Activity:
Please give the lines below again exactly as they stand, from the one that contains "DPM Hekler &" up to and including the one that contains "贵阳法式轻奢设计,贵阳法式风格设计实景案例", leaving all pictures out.

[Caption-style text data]
*** Block opens ***

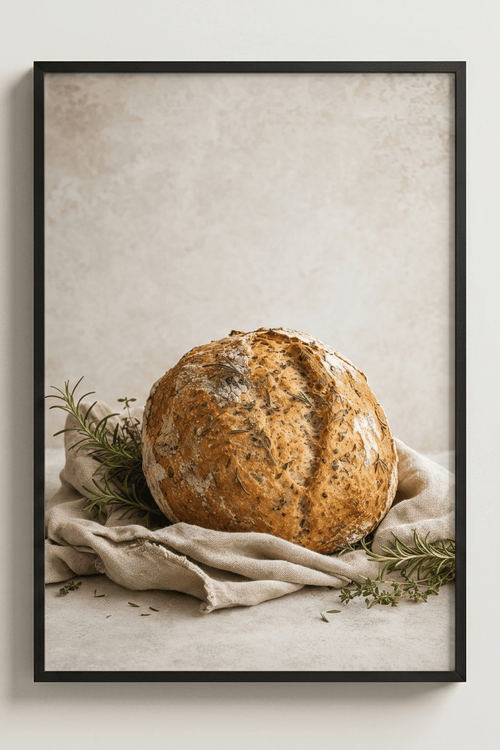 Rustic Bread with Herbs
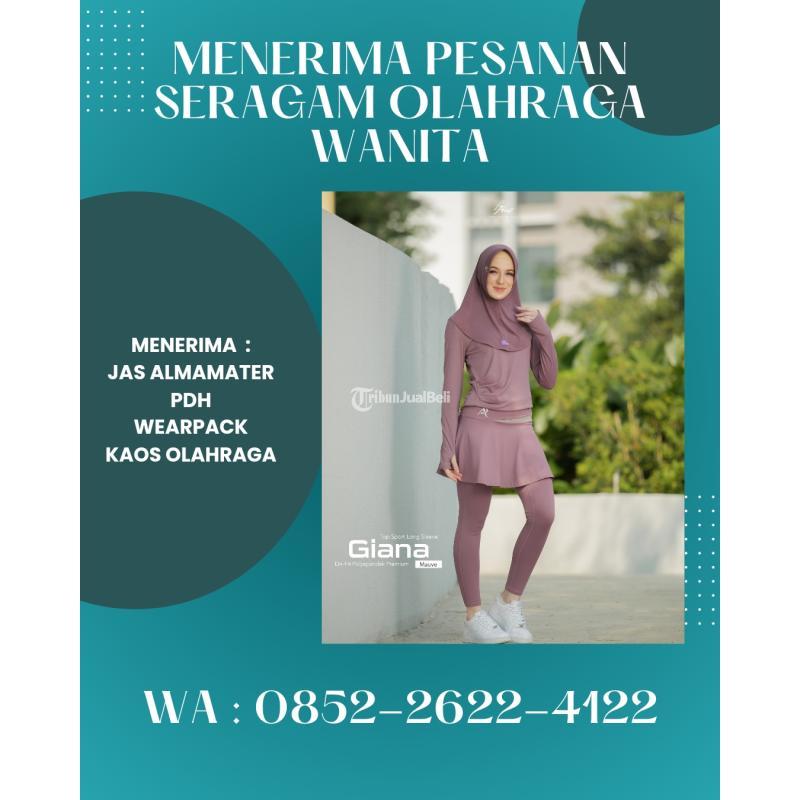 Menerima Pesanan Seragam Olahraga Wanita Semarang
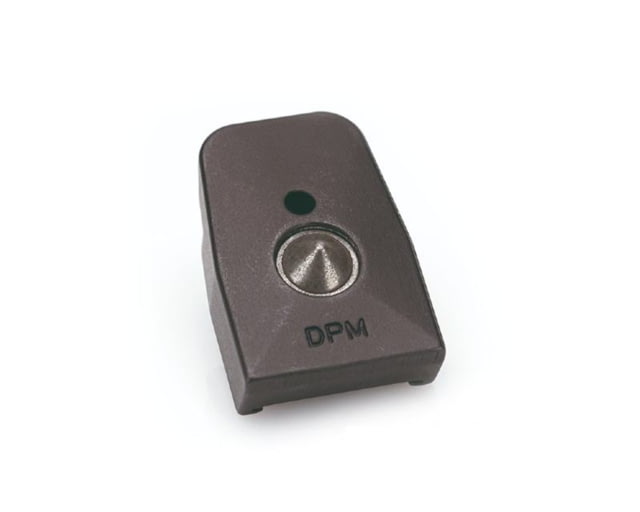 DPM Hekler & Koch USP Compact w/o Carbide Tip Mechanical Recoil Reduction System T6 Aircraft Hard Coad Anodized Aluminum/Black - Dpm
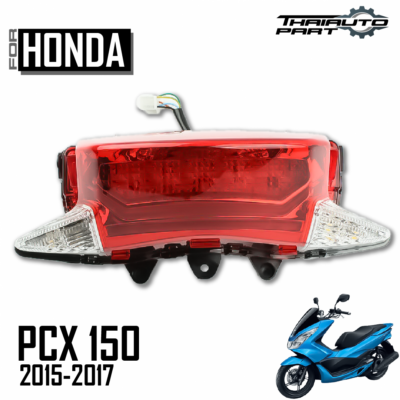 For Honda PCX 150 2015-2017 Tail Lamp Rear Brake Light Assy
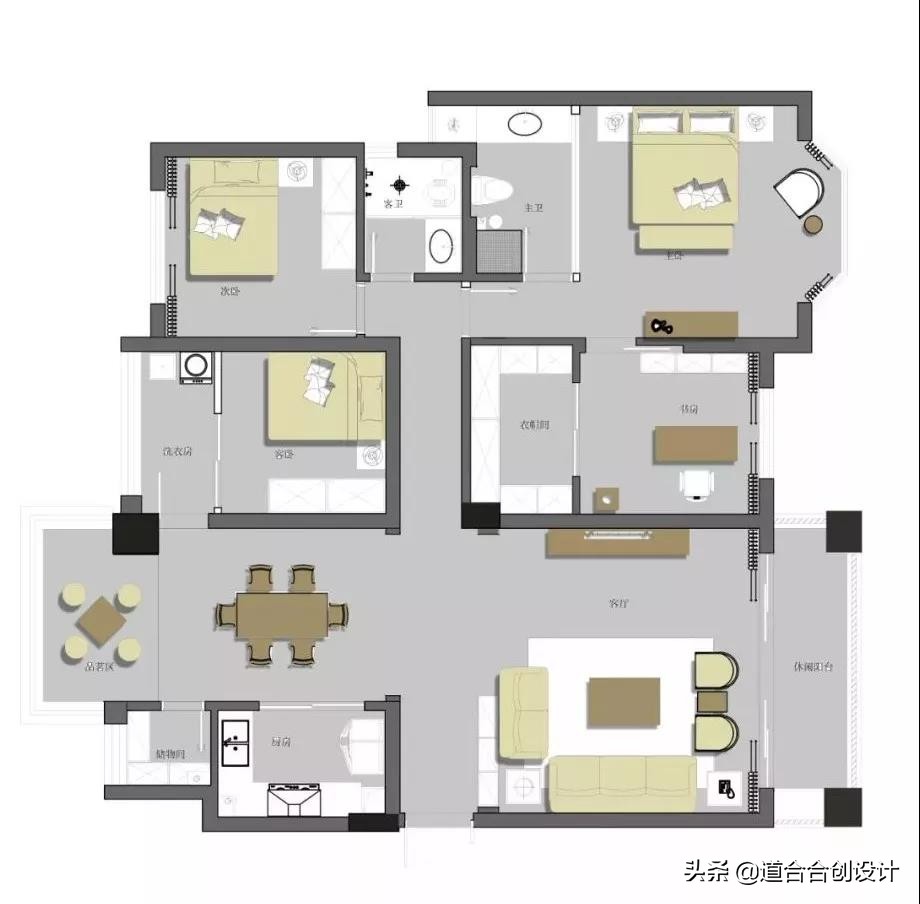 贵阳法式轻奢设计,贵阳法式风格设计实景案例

*** Block closes ***
*** Block opens ***

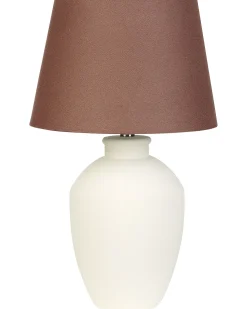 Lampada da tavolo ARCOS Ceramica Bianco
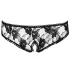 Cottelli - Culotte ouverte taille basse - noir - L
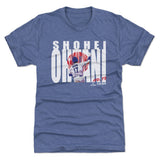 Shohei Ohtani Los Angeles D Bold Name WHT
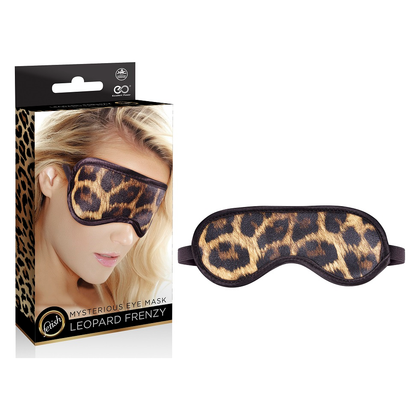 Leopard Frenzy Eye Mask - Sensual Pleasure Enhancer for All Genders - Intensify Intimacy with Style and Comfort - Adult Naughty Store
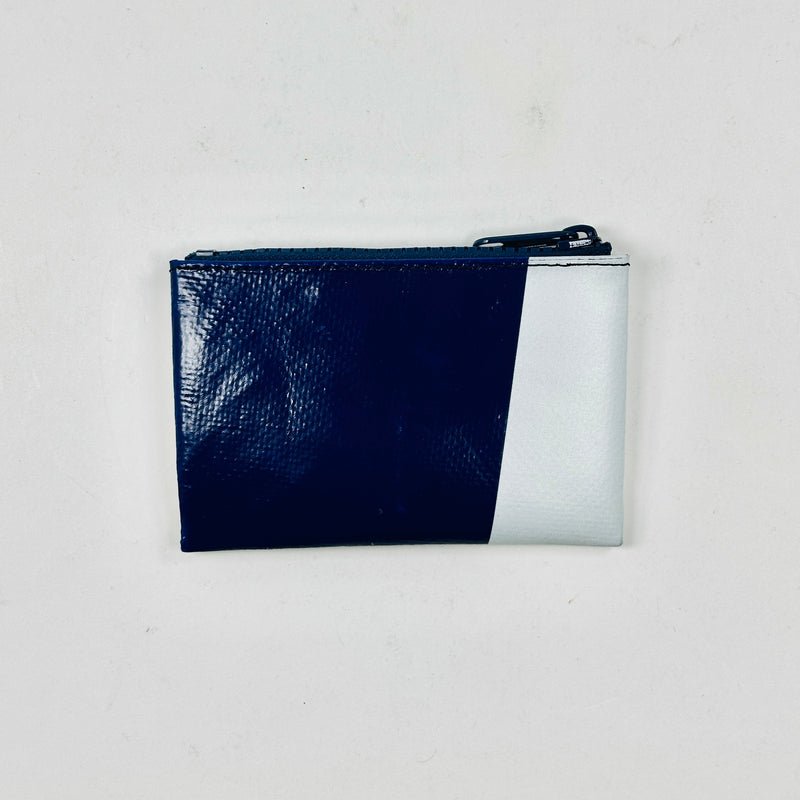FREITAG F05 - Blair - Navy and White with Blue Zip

*** Block closes ***

Answer to this task:
 DPM Hekler & Koch USP Compact w/o Carbide Tip Mechanical Recoil Reduction System T6 Aircraft Hard Coad Anodized Aluminum/Black - Dpm
 For Honda PCX 150 2015-2017 Tail Lamp Rear Brake Light Assy
 贵阳法式轻奢设计,贵阳法式风格设计实景案例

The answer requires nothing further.